MS POS is a basic POS for a single store. It has a nice user interface but
it is missing a few essentials like fashion matrix, accounts receivable
etc.... Microsoft RMS is for both single and multi store environments and
has more features. If you are not sure I would recommend that you call us.
We sell all over the US

Retail Realm US Office
310 3rd Street
Second Floor
Lakewood, NJ 08701

Tel: 732-730-8239
Fax: 732-730-8312
Email: (e-mail address removed)

Contact:

Isaac Rosenblum
Managing Director
(e-mail address removed)

Tricia Jacob
Office Manager
(e-mail address removed)

Regards

Afshin Alikhani - [[email protected]]
CEO - Retail Realm
 
S

Scott Cooper

Does POS still use a SQL backend?

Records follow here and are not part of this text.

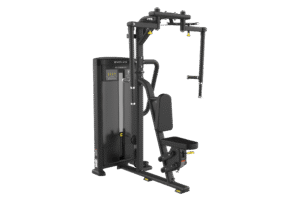 Evolve Econ V2 Series Selectorized Pec Fly/ Rear Delt (EC-222)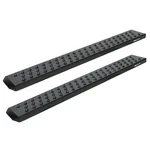 Raptor Series 6.5 In Sawtooth Slide- 2101-0016BT. Fixed Price $543.41.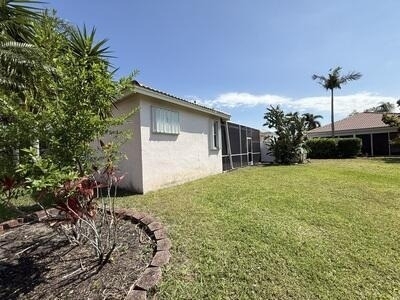 10839 Madison Drive - Photo 7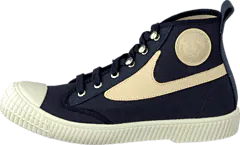 Diesel - Dragon94 Marinblue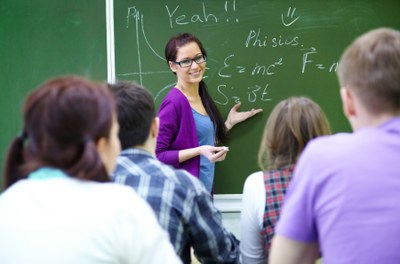 LEhrerin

Can you upgrade from POS to RMS?
 
J

Jeff

Scott,

M$ POS is only supported on MSDE, the desktop version of SQL, in a peer to
peer environment. Full blown SQL and dedicated servers, like SBS or Windows
Server, are not _officially_ supported at this time

Not at this time. More stupidity!

Remember that M$ POS is designed for the _small_ retailer with minimum
needs. Basically its to replace existing cash register(s), single store
only, with up the 3 _register_ stations total.
 
M

Mark

You're right. It would be stupid to take an entry level POS app and make it
officially work with full blown SQL and dedicated servers. Entry level POS
users want to run POS on a PC they can pick up at Best Buy or a consumer
machine they buy from Dell. Why sell them a Hummer when they are looking for
a basic economy car?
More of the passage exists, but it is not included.